What follows is the second answer:
In the future, your random disturbance will be $U=R_1 + R_2$. I presume that $R_1$ and $R_2$ are independent. Then $\Sigma_U = \Sigma_{R_{1}} + \Sigma_{R_{2}}$. Given your current sample, you can estimate $\hat \Sigma_{R_{1}}$ separately, and you are very lucky to know the true $\Sigma_{R_{2}}$. Then a perfectly valid estimate of $\Sigma_U$ is $\hat \Sigma_U= \hat \Sigma_{R_{1}}+\Sigma_{R_{2}}$. What you don't have is estimates $\hat B^*$ that would be derived using some $Y^*=Y+R_2$ (if it was available). So it appears somehow "internally inconsistent" to use $\hat \Sigma_U$ together with $ \hat B =\left(X'X\right)^{-1}X'Y $ for hypothesis testing and statistical inference in general. Ideally you would want to have available estimates $ \hat B^* =\left(X'X\right)^{-1}X'Y^* $, to use with $\hat \Sigma_U$... Ideally yes, -but is it erroneous to do statistical inference by using $ \hat B$ and $\hat \Sigma_U$? The answer is, thankfully, no.

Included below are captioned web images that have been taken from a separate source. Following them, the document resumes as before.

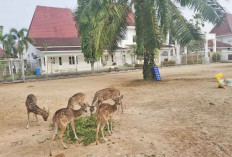 Wisata Rusa di Rumah Dinas Bupati, Jadi Hiburan-Kebanggaan Masyarakat Muba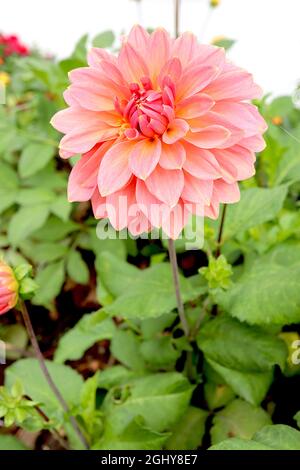 Dahlia ‘Jitterbug’ Decorative Dahlia Group 5 fiori rosa corallo con lavaggio giallo, punte di petalo giallo, petali interni rosa profondi, agosto, Inghilterra, Regno Unito Foto Stock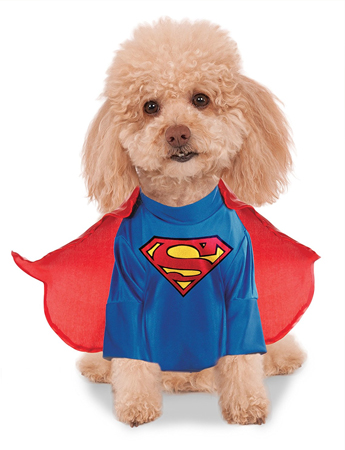 super dog outfit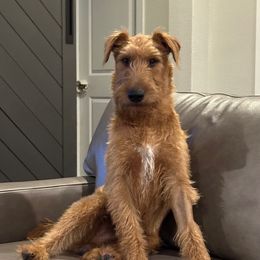 Rusty - Irish Terrier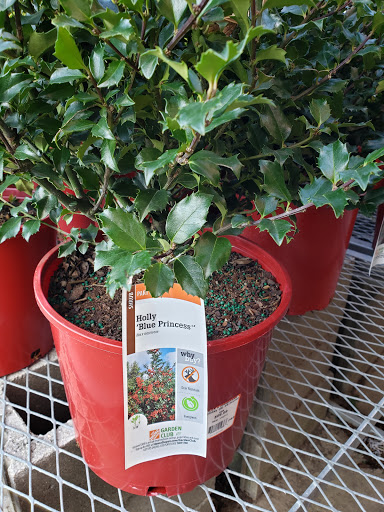 Home Improvement Store «The Home Depot», reviews and photos, 2075 Pipestone Rd, Benton Harbor, MI 49022, USA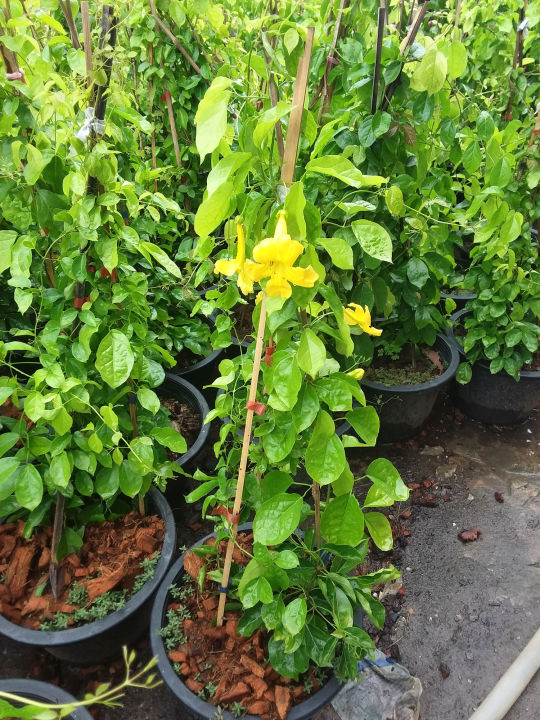 ต้นเหลืองชัชวาลย์-เหลืองชัชวาลย์-ไม้เลื้อยให้ดอกสวยสะพรั่ง-ต้นในถุวดำ-สูง-60-cmว-ใบสวยดอกสวย-ไม้โบราณ
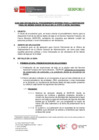 Vista preliminar de documento ANEXO N 001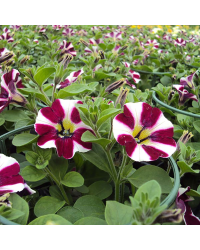 Petunia Cascadias Bicolor Cabernet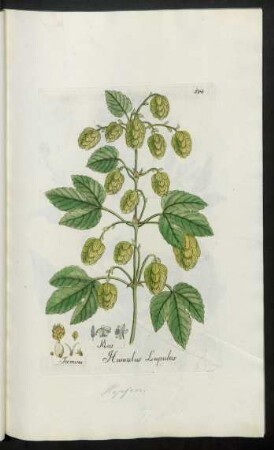 514. Humulus Lupulus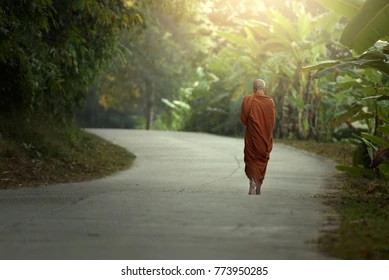 Cultivating Melinda: Rebuilding My Life in 2026 After Narcissistic&nbsp;Abuse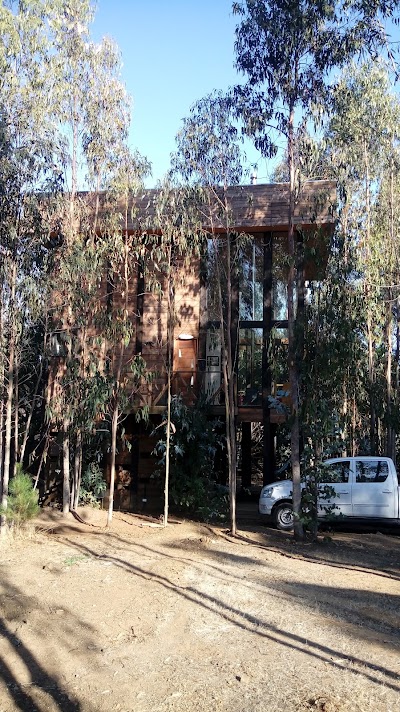 Photos of Tripanko Lodge & Bungalows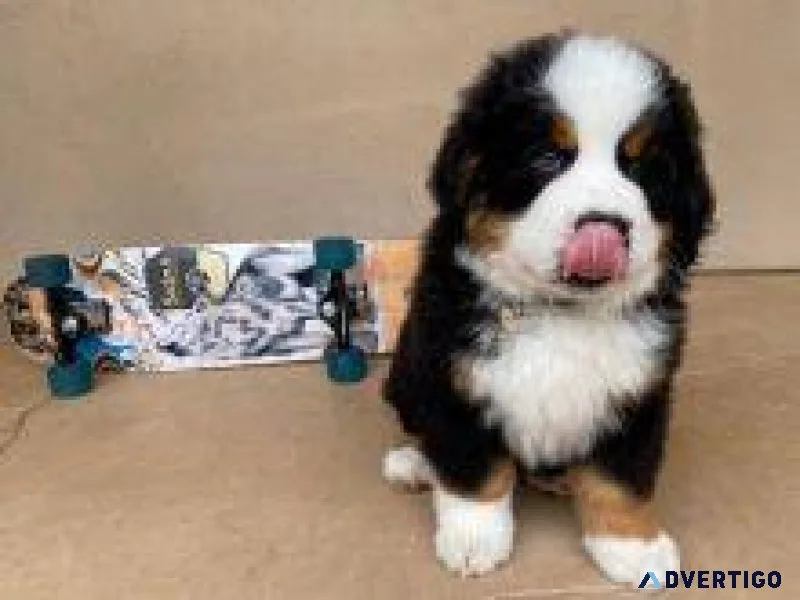 Cute Bernese Mountain Dog Puppies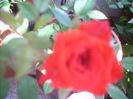 DSCN2773[1]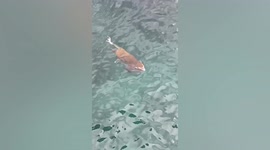 Chinese resident captures monkey diving in sea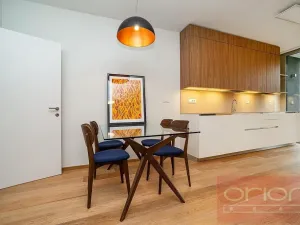 Pronájem bytu 1+kk, Praha - Smíchov, Holečkova, 65 m2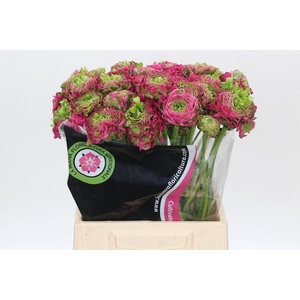 Ranunculus Pon Pon Fanny Extra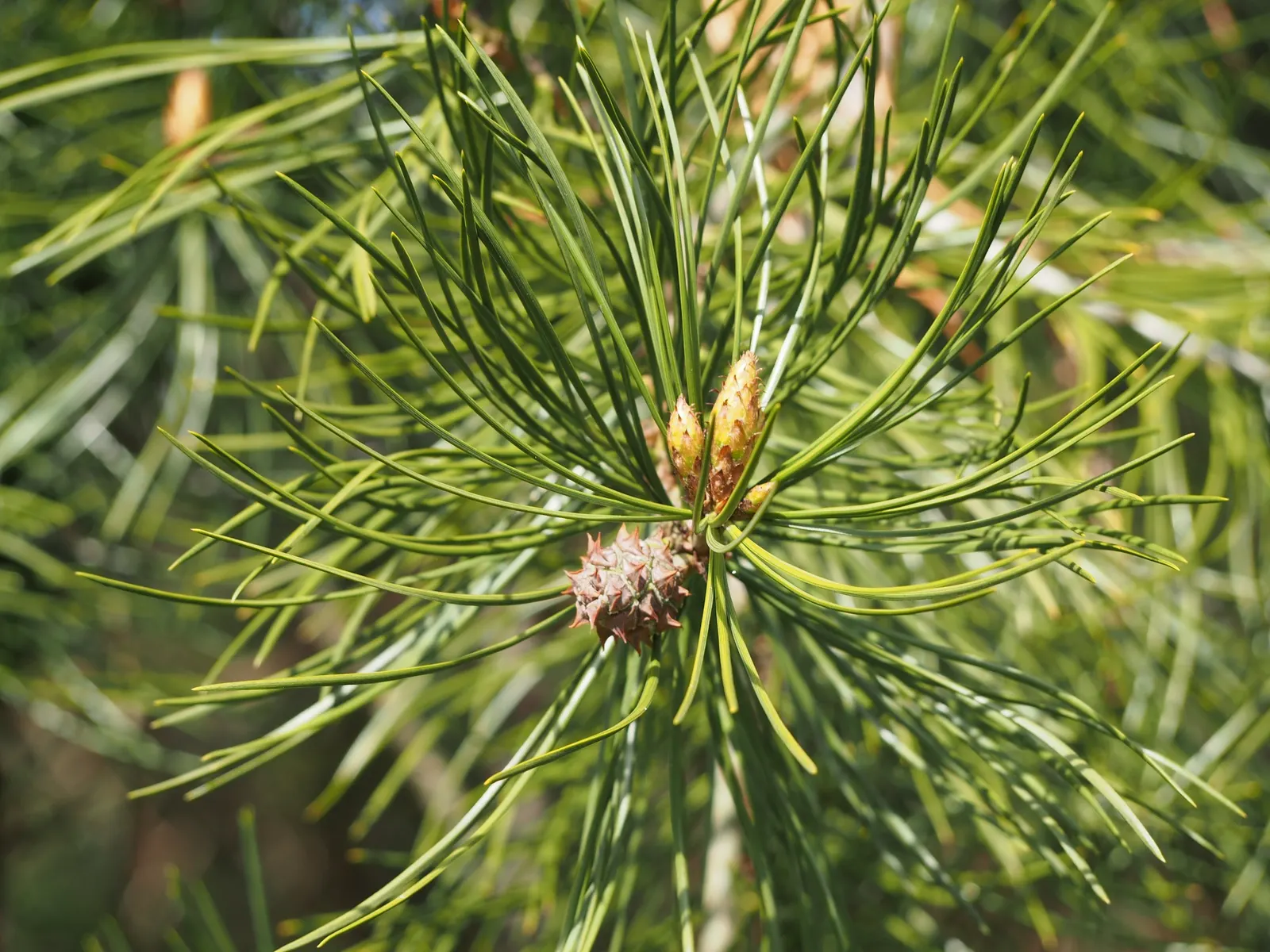 Lacebark (Brachychiton Discolor) — is a standout specimen within the landscape; remember to include room for vertical and horizontal growth when, image 64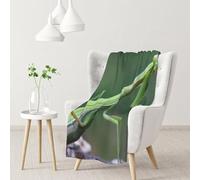 InOmak Green Praying-Mantis,Soft Blanket Warm Anti-Pilling Flannel Plush Throw Blanket 76 X 102 cm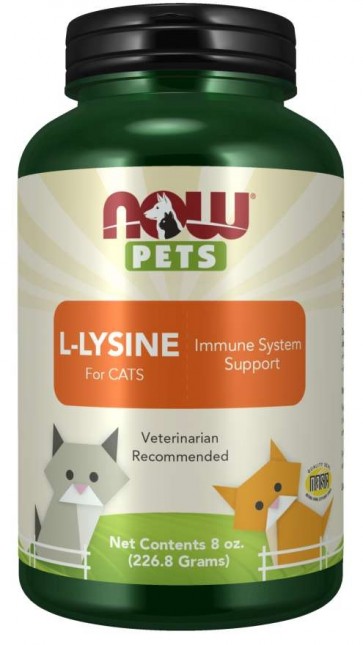 L Lysine for Cats Powder Now foods Pets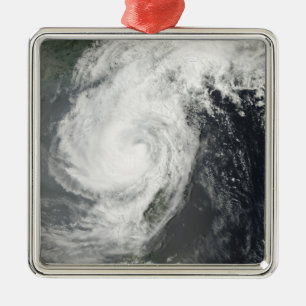 Tropisk storm Parm Julgransprydnad Metall
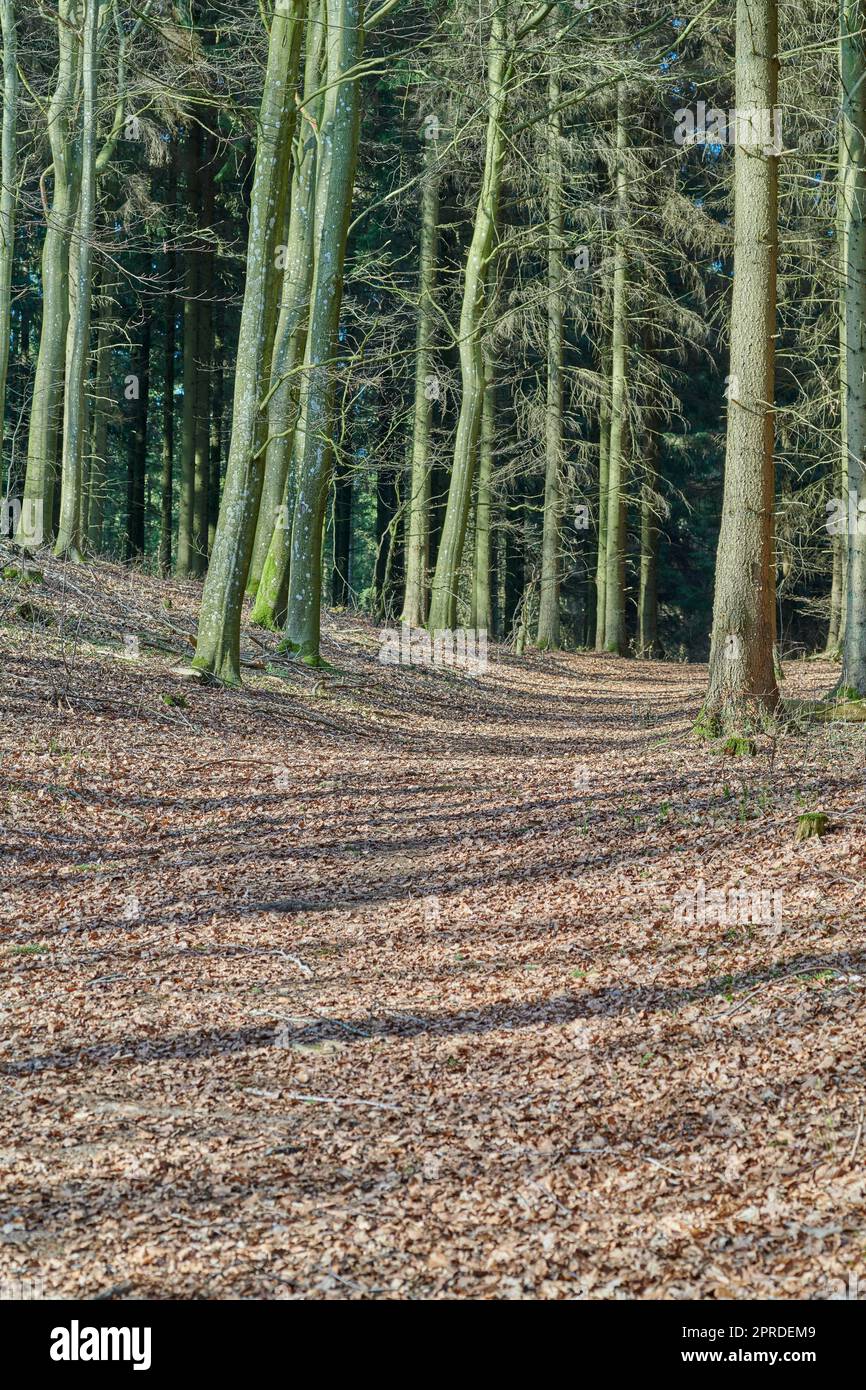 Spring summer autumn winter trees hi-res stock photography and images ...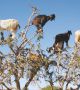 Козите пасат от аргановото дърво в югозападната част на Мароко. Десет до 20 кози едновременно могат да се ровят в дърветата, достигащи 10 метра.
  Снимка: Garrido / EBD-CSIC
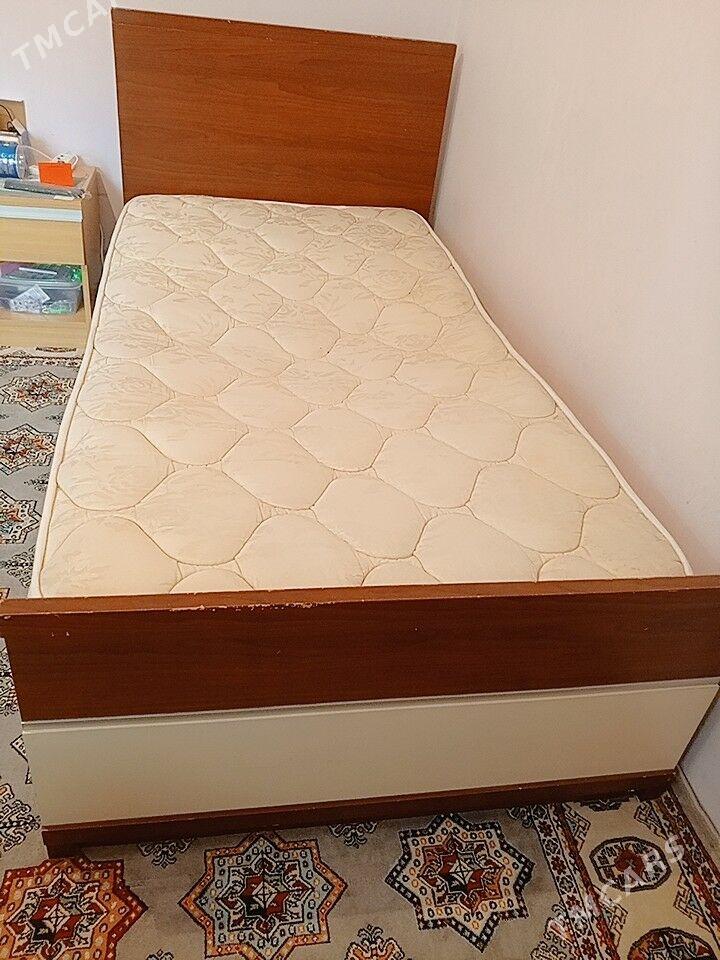 krowat 1 adamlyk - Ашхабад - img 1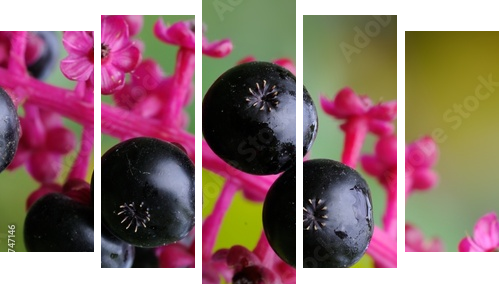 Phytolacca americana  - Fünfteiliges Leinwandbild, Pentaptychon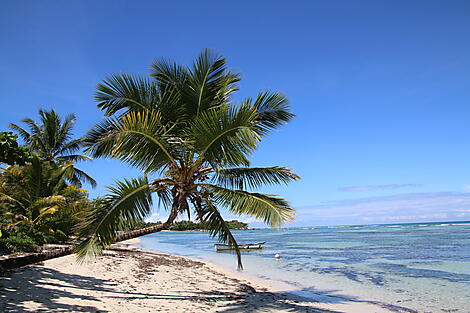Madagascar, Zanzibar et les trésors de l’océan Indien-AdobeStock_160807647.jpeg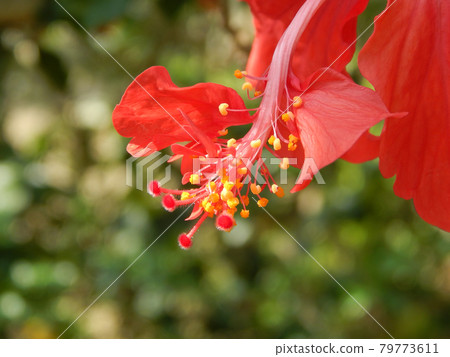 MALACCA, MALAYSIA -MARCH 29, 2017: Hibiscus rosa-sinensis or is a genus of flowering plants in the mallow family, Malvaceae. It was a Malaysian national flower call Bunga Raya. 79773611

First let's consider what exactly would be the difference between $\hat B$ and $\hat B^*$:

$$ \hat B^* =\left(X'X\right)^{-1}X'Y^* = \left(X'X\right)^{-1}X'\left(Y+R_2\right)= \hat B+ \left(X'X\right)^{-1} X' R_2 $$ which can be written

$$ \hat B^* = \hat B+ \left(\frac1nX'X\right)^{-1} \left(\frac 1nX' R_2\right) $$ where $n$ is the sample size. If your sample size is respectably large, and the usual uncorrelatedness assumption between regressors and error hopefully hold, then the second term will be close to zero and hence we expect $ \hat B^* \approx \hat B$ (note that the regressor matrix is the same). But this is the practical approach to the matter. The very helpful fact is, that if we can incorporate more information in our inference, then we can (and should) do it even if this new information won't affect all our estimates. This is fundamental: through statistics we approximate reality, and the approximation error accumulates from different sources - we do not have to wipe out all approximation error, or do nothing at all. We can partially improve by eliminating one source of it. Think of the following cases:
A) We suspect heteroskedasticity. One way to proceed is to replace the estimated covariance matrix with a "heteroskedasticity-robust" covariance matrix. But this is not the matrix the OLS estimator gave us. Still, we can use it.
B) Assume no new future disturbance will appear. You estimate your current sample, and you obtain $\hat B $ and $\hat \Sigma_{R_{1}}$. Then somebody comes along and reveals to you the true $\Sigma_{R_{1}}$. You would use $\Sigma_{R_{1}}$ instead of $\hat \Sigma_{R_{1}}$ in your hypothesis testing, because then your t-statistic would have an exact standard normal distribution: you are better off.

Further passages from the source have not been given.